Because of the Incarnation, any place can be a "thin place" -- a place where the veil between heaven and earth becomes sheer.

I thought about this for a moment, the truth of the Incarnation for me -- God taking flesh and walking among us, not just appearing to be human, but being born, having hands, touching lepers, having aching feet.  And I thought, again, well, it's not the Incarnation, really.  Just that one event doesn't mean that much.  The Incarnation, even if it's real, is just a moment in time, just thirty-three years.  

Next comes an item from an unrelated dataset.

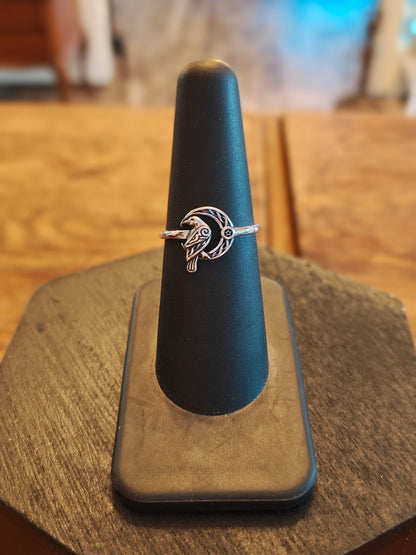 Celtic Raven Crescent Moon Ring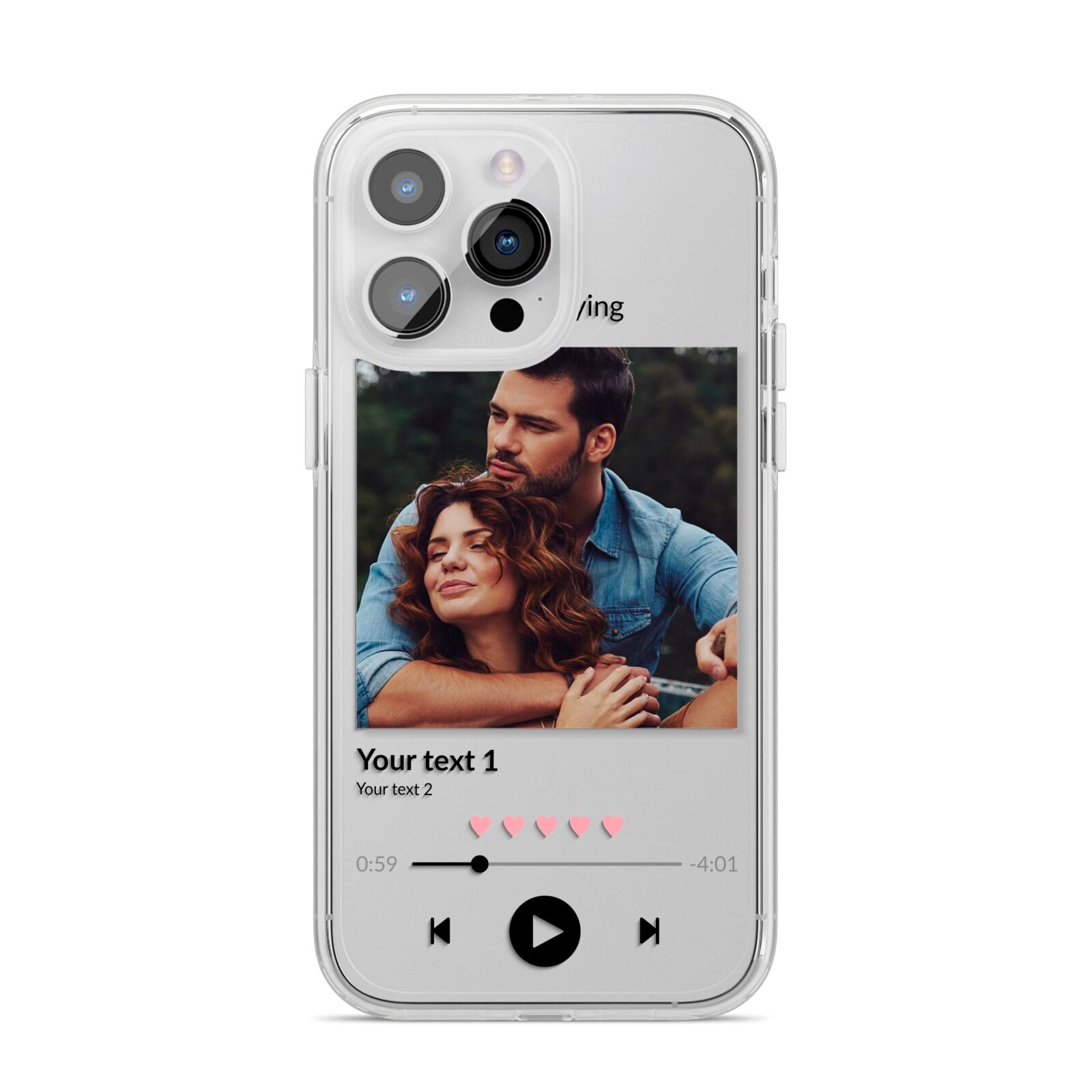 Personalised Photo Music iPhone 14 Pro Max Clear Tough Case Silver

But it's the whole story, starting from the beginning of time and ending when God will fill all the world with glory.  In the middle is the Incarnation -- God walking around in Jesus' skin, and the healings and the sayings and the agony of the cross.  In the middle is Jesus rising, and an incarnation in each disciple on that day called Pentecost.  It is all of these events that make me believe that any place can be a 'thin place', and any person can shine holy, and the veil between heaven and earth can tear at any time

The story is the truth and the truth is the story --  reality is not a set of propositions, but a story, and the story is the truth.  Reality isn't a transaction or a set of math problem or a series of facts, but a story, with a beginning, and a middle and an end.  (but we have not reached the end yet)

In this day and age it may seem amazingly foolish to believe that there is a story that gives shape and meaning to our lives, that there is something more than just the random and haphazard array of experiences, and that even the briefest of moments (like driving down the street and seeing the full moon) can be thin places where the veil between heaven and earth becomes sheer.  

The truth is the story, and the reality is that heaven and earth do meet, and God touches the lepers, and there is a beginning and a middle and an end (but we have not reached the end yet).